- Task material -
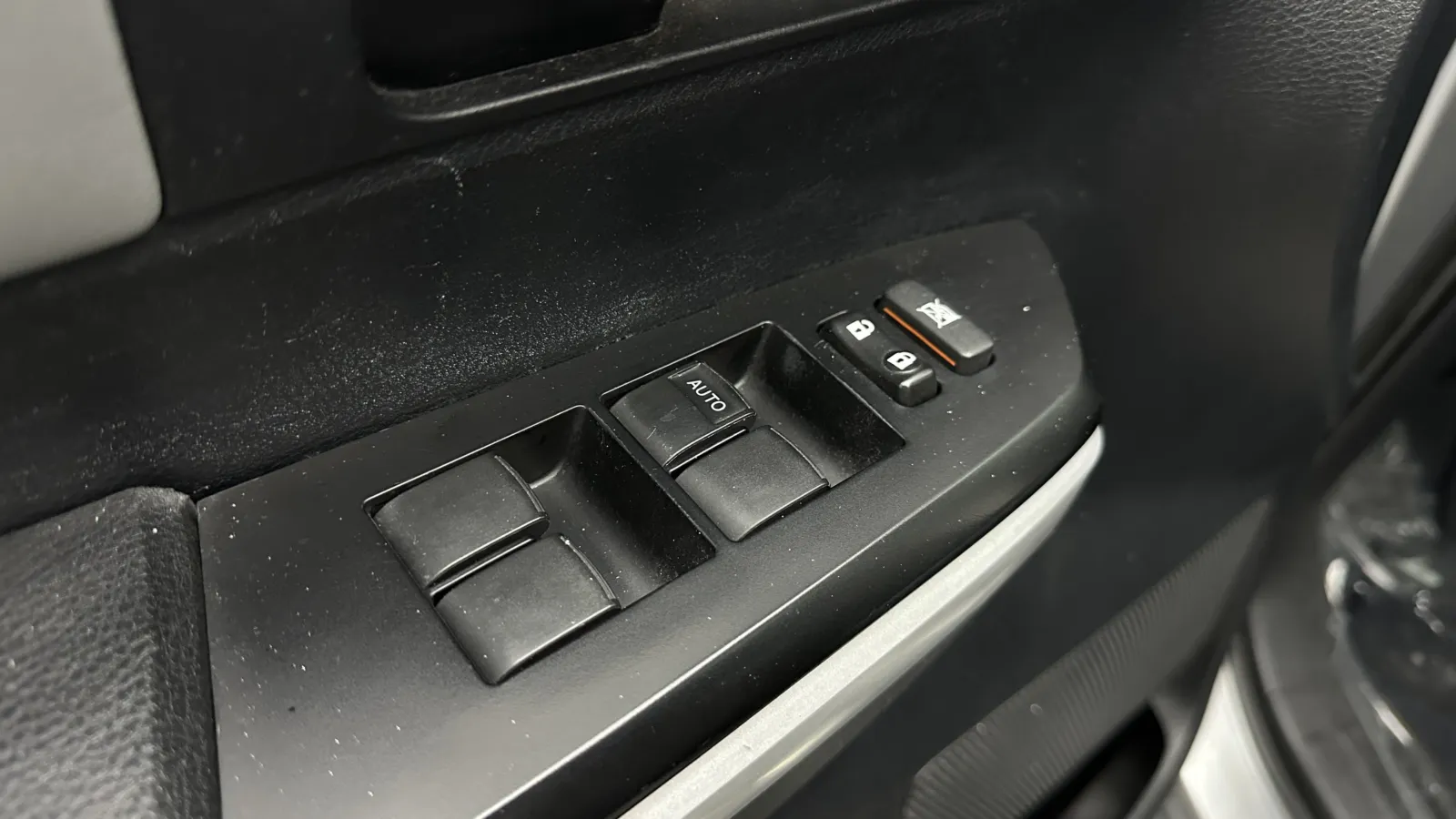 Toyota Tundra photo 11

--

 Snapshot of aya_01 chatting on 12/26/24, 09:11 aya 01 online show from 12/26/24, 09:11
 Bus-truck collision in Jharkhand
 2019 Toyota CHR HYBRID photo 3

- Activity -
The lines above from the one with "Bus-truck collision in Jharkhand" through the one with "2019 Toyota CHR HYBRID photo 3" are to be duplicated exactly, ends included, with nothing added.

- Response area -
 Bus-truck collision in Jharkhand
 2019 Toyota CHR HYBRID photo 3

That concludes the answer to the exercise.